Five stars

If ever being typecast to a 'scene' killed a band - this is the one.

Ride began as four boys from Oxford barely in their 20s with a knack for distorted noise pop who rose and fell like the record label that discovered them, Alan McGee's inventive Creation.

Now four men in their mid 40s, the reformation was predictable after guitarist Andy Bell found his services were no longer required by Oasis after their hiatus and more recently after the demise of Liam Gallacher's Beady Eye.

The preferred artistic option.

They are greeted with a deafening noise at the Barrowlands, the perfect most intimate of venues for them to show whether they can still cut it. And cut it they most definitely do.

Ride were/are a glorious, psychedelic indie guitar pop trip of a band who should have had a significant entry in the history books of British contemporary rock devoted to them.

But they were killed by public/their response to terminology and pigeon-holing. Bell, Mark Gardener, Laurence Colbert and Steve Queralt were the poster boys of the 'shoegazing' scene later alternatively dubbed more viciously as 'the scene that celebrates itself' from 1990 to 1993.

They grew at a pre-internet time when the music press were heavily influential and could make and break a band.

Ride were the darlings of Melody Maker and NME but were the subject of sneering as their pretty faces were also ideal for the teen pop mag Smash Hits.

After two acclaimed albums and a host of killer EPs, the boys changed tack. Instead of sticking to their guns, they embraced Brit Pop, with their third album Carnival of Light and by 1996 it was all over.

The band themselves were critical of that extremely difficult third album referring to it as Carnival Of Sh*te.

Significantly there are no songs from that tonight.

Instead the whooping crowd, a mix of thinning hairlined nodders who remember them in their youth, and younger converts, are treated to prime Ride; the taste and vapour of what they were and what they could have been.

This was supposed to be billed as the first date on the reformed band's comeback tour - which sold out in 30 minutes. But such has been the demand for their services there have been a series of American shows and a showcase in their home town of Oxford before the Glasgow arrival of the fab four.

Any doubts that they could recreate that beautiful noise were soon dispelled and by the time we get to a hypnotic, mesmeric Polar Bear four songs in, the spell has been cast.

They were never the most dynamic onstage but this is worshipful atmospheric music and their disciples are respectful and adoring.

While the man-in-black Gardener may have filled out over the years, those wistful vocals remain dreamy as ever and that kaleidoscopic melancholy enduringly alluring.

But Ride were more than just a British band infused by the sonic cool of My Bloody Valentine, the harmonies of The Byrds and the experimental fret fuzz of Sonic Youth; they knew their way round a memorable pop hook.

And so when the first chimes and ahhhhs of Taste are played, the room finds it's voice and combusts. It reveals itself as the perfect indie dancefloor filler combining a sublime collision of euphoric melody, cooing airy vocals and that gorgeous sucker punch guitar crash. This is their Smells Like Teen Spirit and just as visceral. Gardener smiles says "you're a top crowd" and wants a picture of the devotees before plunging into a rampant Vapour Trail.

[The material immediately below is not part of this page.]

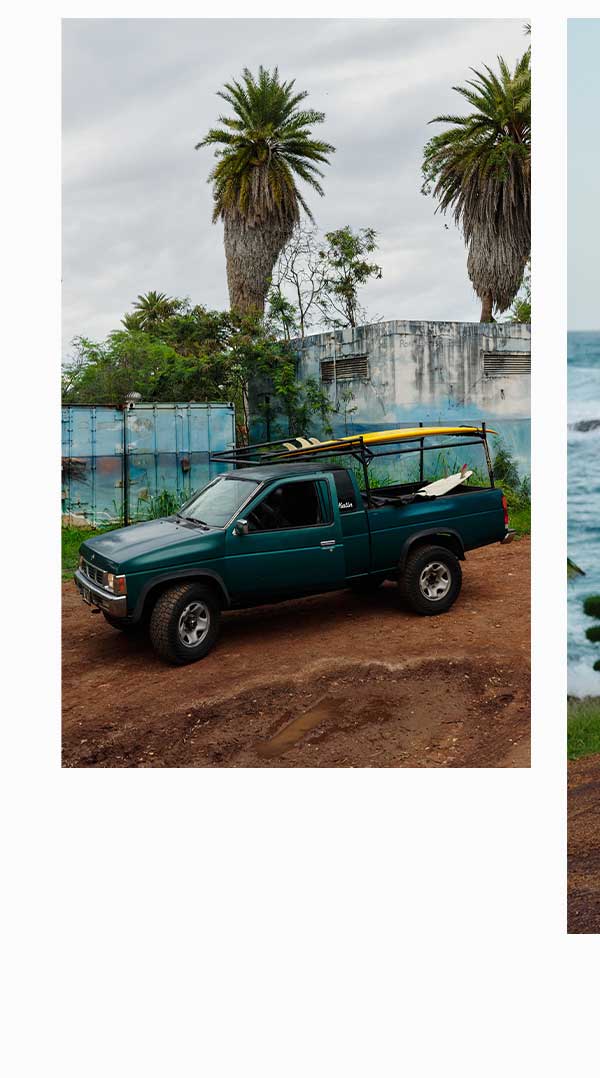 Truck with a surfboard on top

When a feedback-heavy Drive Blind erupts with its mash of melancholy and white noise menace and the Andy Bell guitar squall totem of the "this one's for all you lot" Leave Them All Behind is encored I am left with the overwhelming feeling that they missed a golden opportunity over 20 years ago.

There are many undeserving bands who became far bigger than they were or are. Just maybe this time round they will get the respect they so richly deserve.